# [Prompt]
Below this line are records; transcribe exactly the lines between the one holding "Set Pliers tool, Refrigerator, Hair" and the one holding "Music Notes Embossed", inclusive, and omit the pictures.

# [Records for processing]
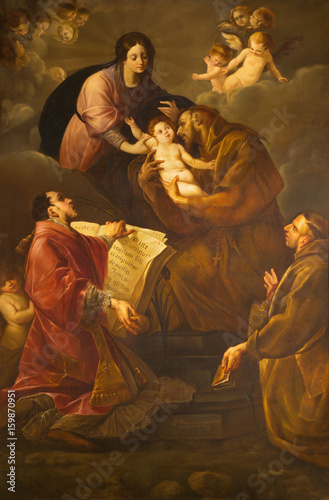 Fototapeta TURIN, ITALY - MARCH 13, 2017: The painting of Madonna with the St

--

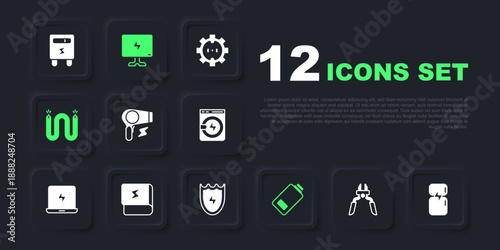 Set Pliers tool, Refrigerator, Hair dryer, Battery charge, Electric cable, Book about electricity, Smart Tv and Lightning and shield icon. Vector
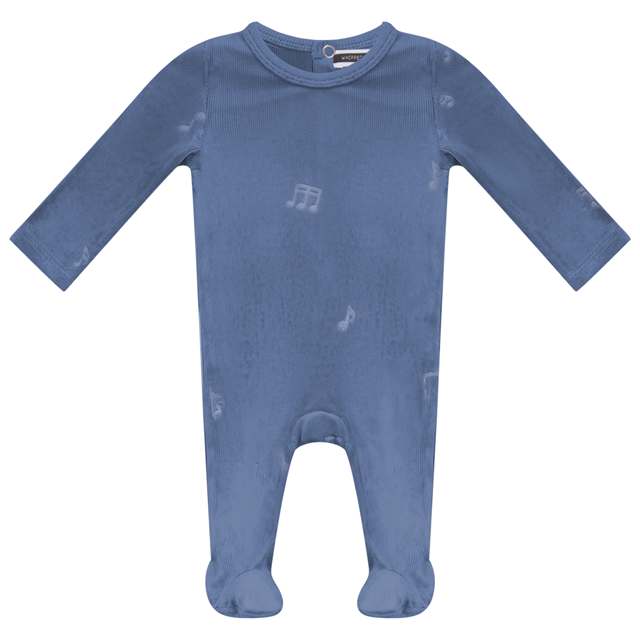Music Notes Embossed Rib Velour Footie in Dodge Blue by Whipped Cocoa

* * *

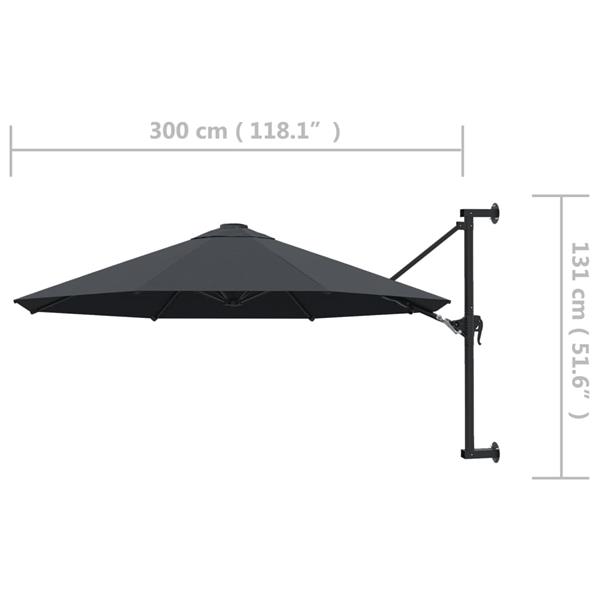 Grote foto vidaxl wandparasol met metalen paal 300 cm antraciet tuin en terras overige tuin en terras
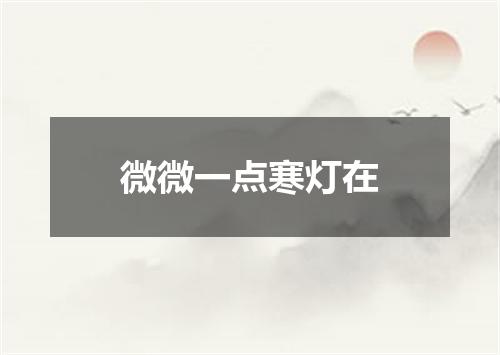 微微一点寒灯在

# [Problem solution]
 Set Pliers tool, Refrigerator, Hair dryer, Battery charge, Electric cable, Book about electricity, Smart Tv and Lightning and shield icon. Vector
Music Notes Embossed Rib Velour Footie in Dodge Blue by Whipped Cocoa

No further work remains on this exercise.